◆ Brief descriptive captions
%%

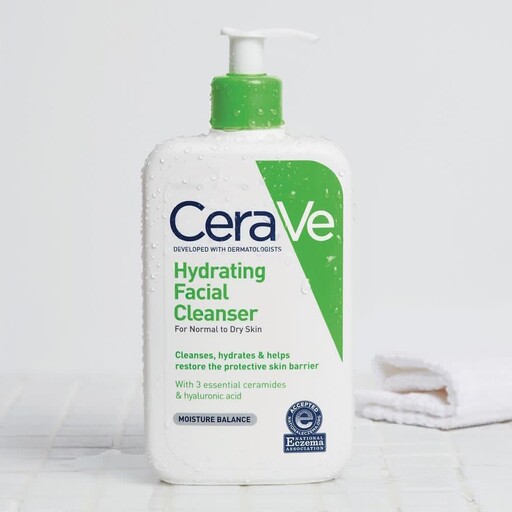 شوینده صورت سراوی آمریکا هیدراتینگ  CeraVe مدل Hydrating Facial CeraVe Hydrating Facial Cleanser For Normal To Dry Skin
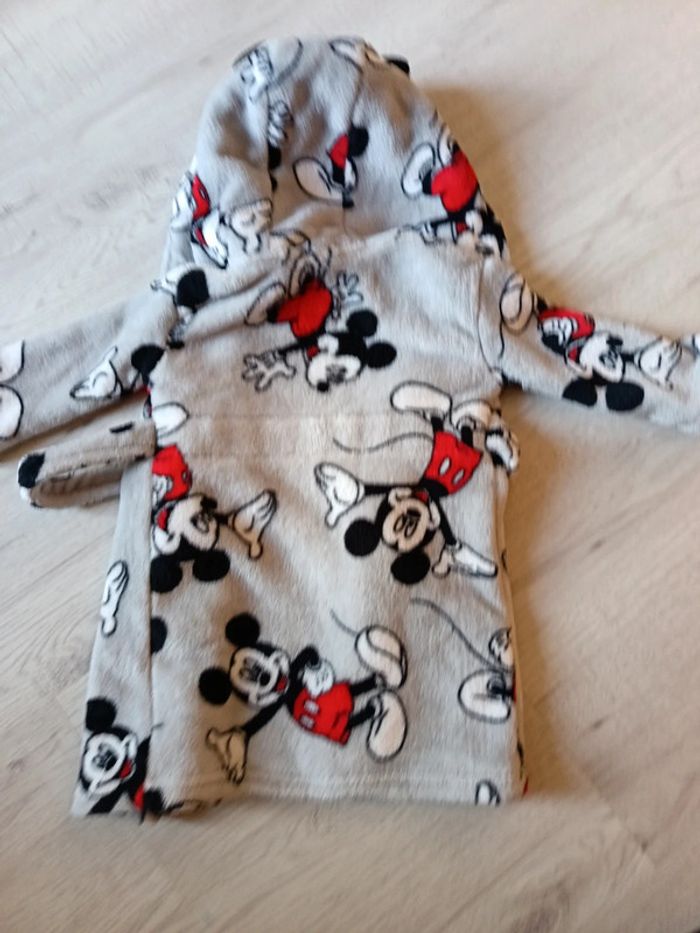 Peignoir robe de chambre bébé Mickey 9 12 mois Primark - photo numéro 8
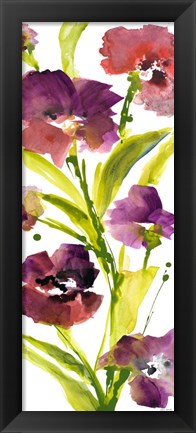 Framed Violet le Povat I Print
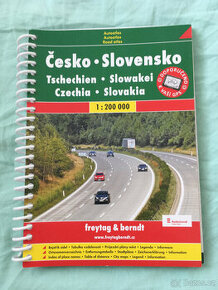 Česko, Slovensko, ČR, SR - automapa,autoatlas - NOVÁ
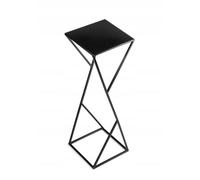 HowHomely Modern flower column made of metal, black, 70 cm, X-shape, handmade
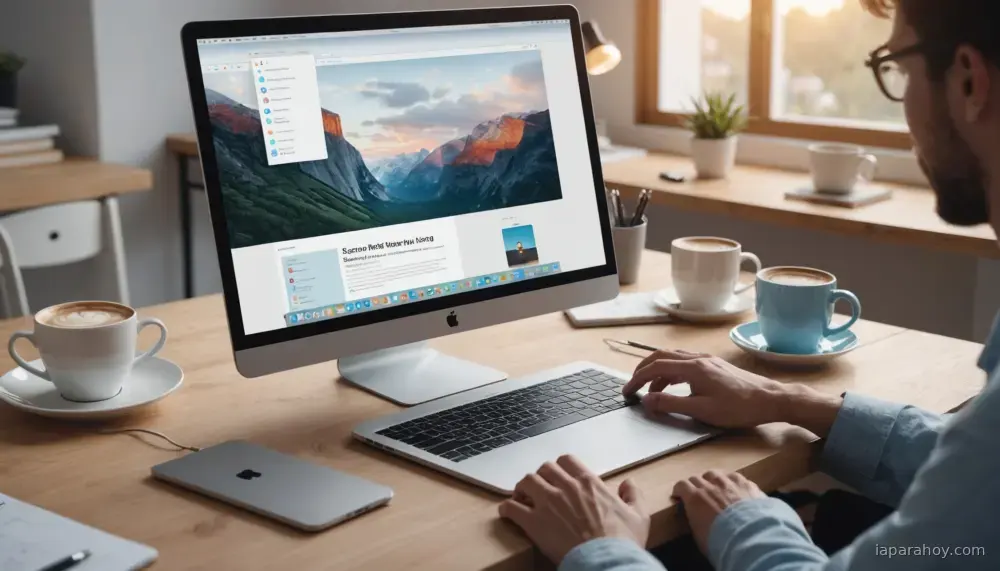Ilustración generada con IA sobre: Nativ: aplicación macOS para ejecutar modelos IA localmente con MLX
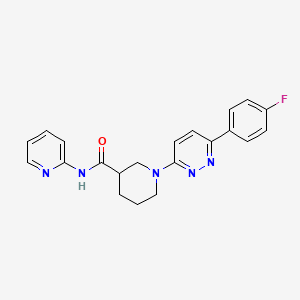 1-(6-(4-fluorophenyl)pyridazin-3-yl)-N-(pyridin-2-yl)piperidine-3-carboxamide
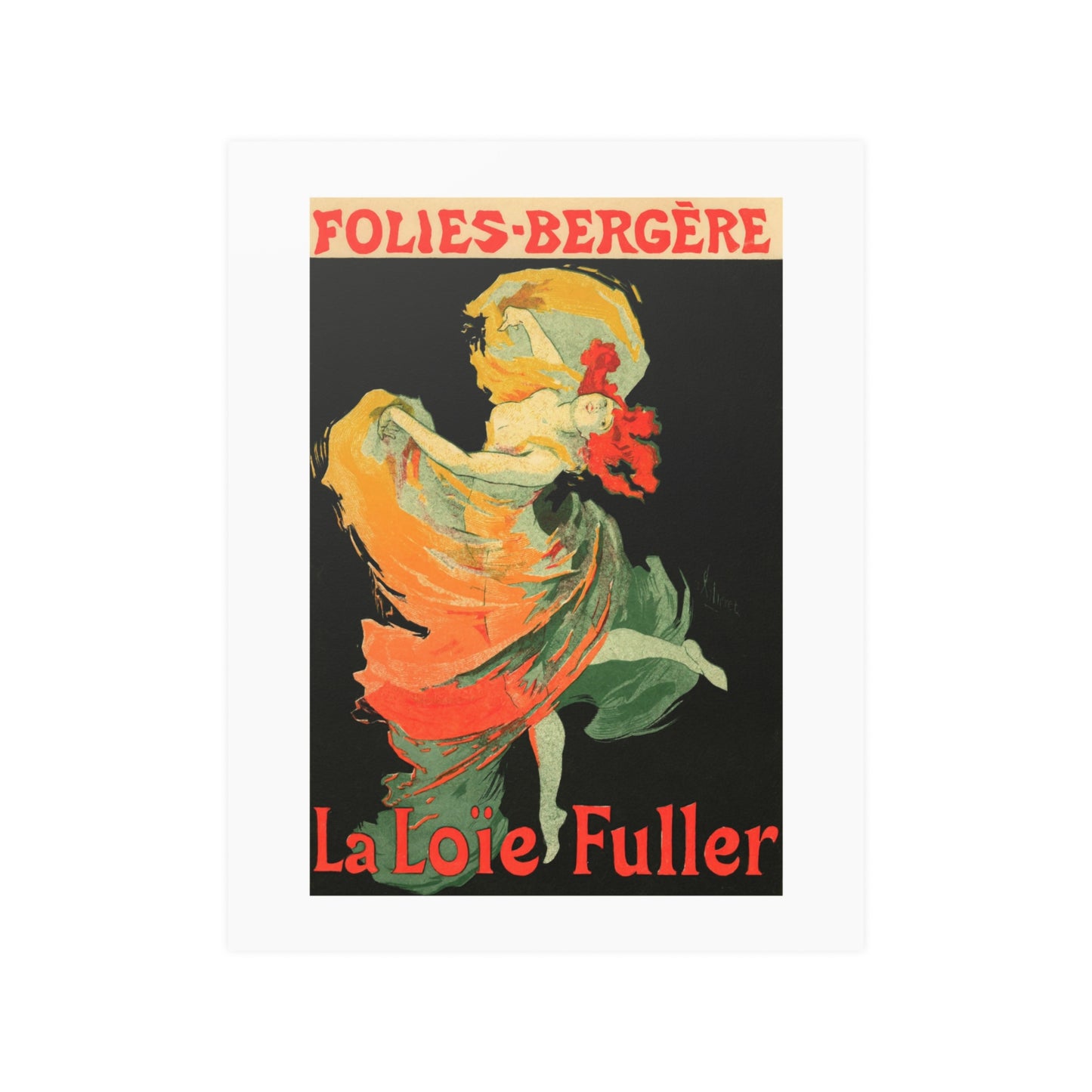 La Loie Fuller | Folies Bergere | Poster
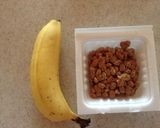 おやつにどうぞ！バナナと納豆のピザ作り方1写真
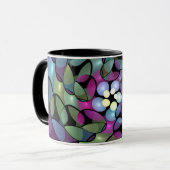 Farbige Bewegungen Abstrakte Trippy Fraktal Art Tasse (Vorderseite Links)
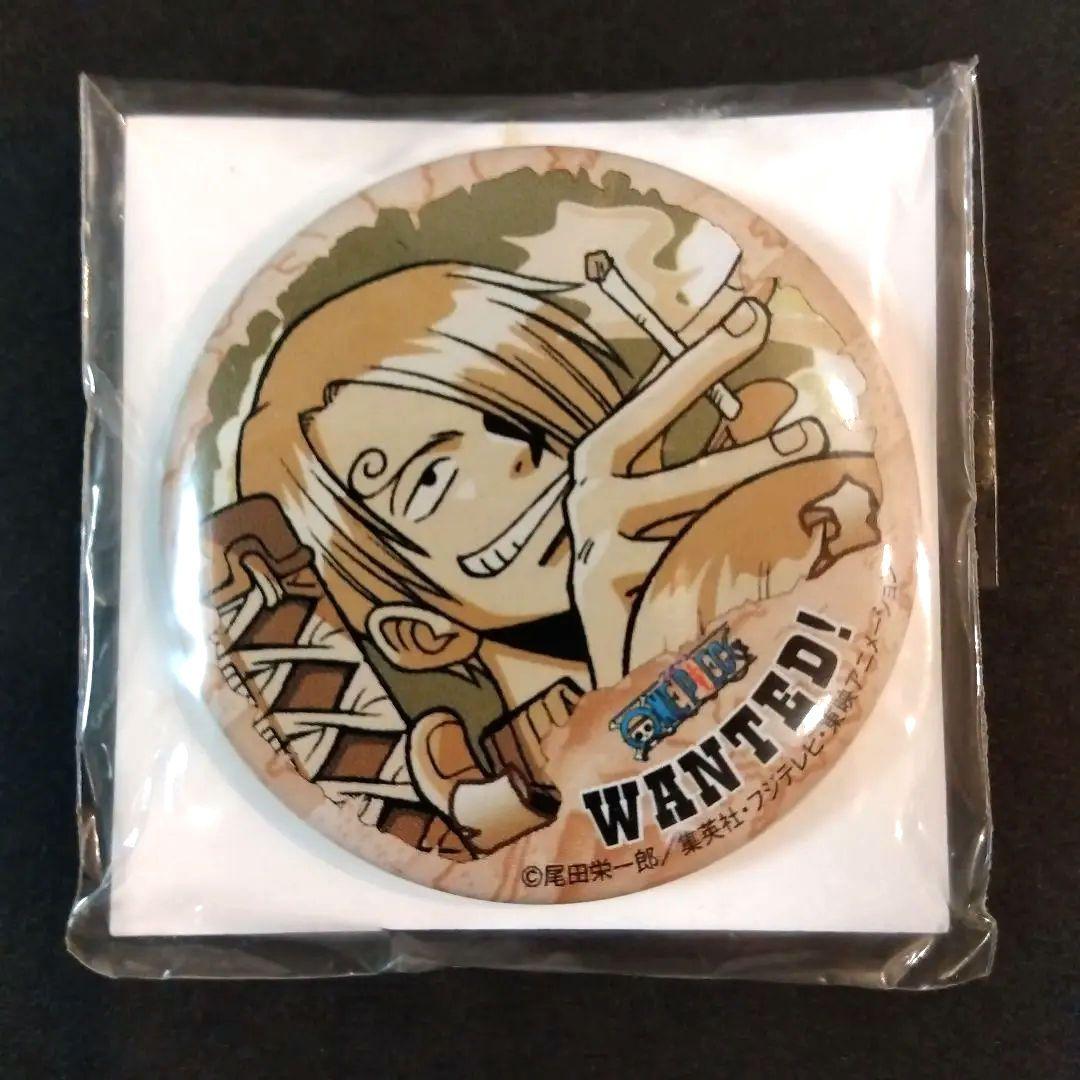ONEPIECE サンジ WANTED 缶バッジ レア 希少 初期 レトロ 当時
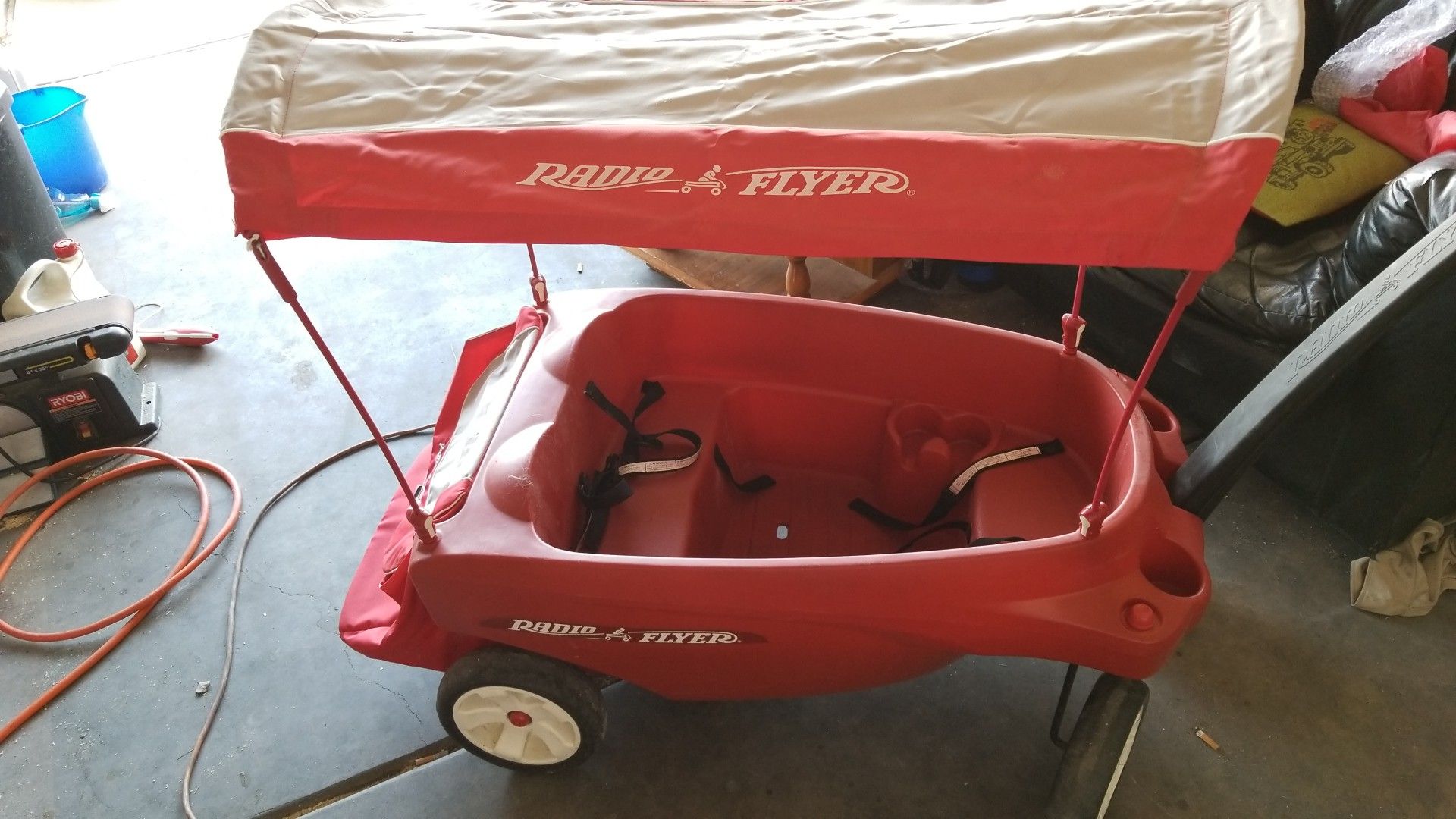 Radio flyer covered wagon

%%

◆ WORK INSTRUCTION
The required result is an exact copy of the lines from the line containing "ONEPIECE サンジ WANTED 缶バッジ レア 希少 初期 レトロ 当時" through the end of the entries, with every picture left out.

◆ SOLVED PROBLEM
ONEPIECE サンジ WANTED 缶バッジ レア 希少 初期 レトロ 当時
 Radio flyer covered wagon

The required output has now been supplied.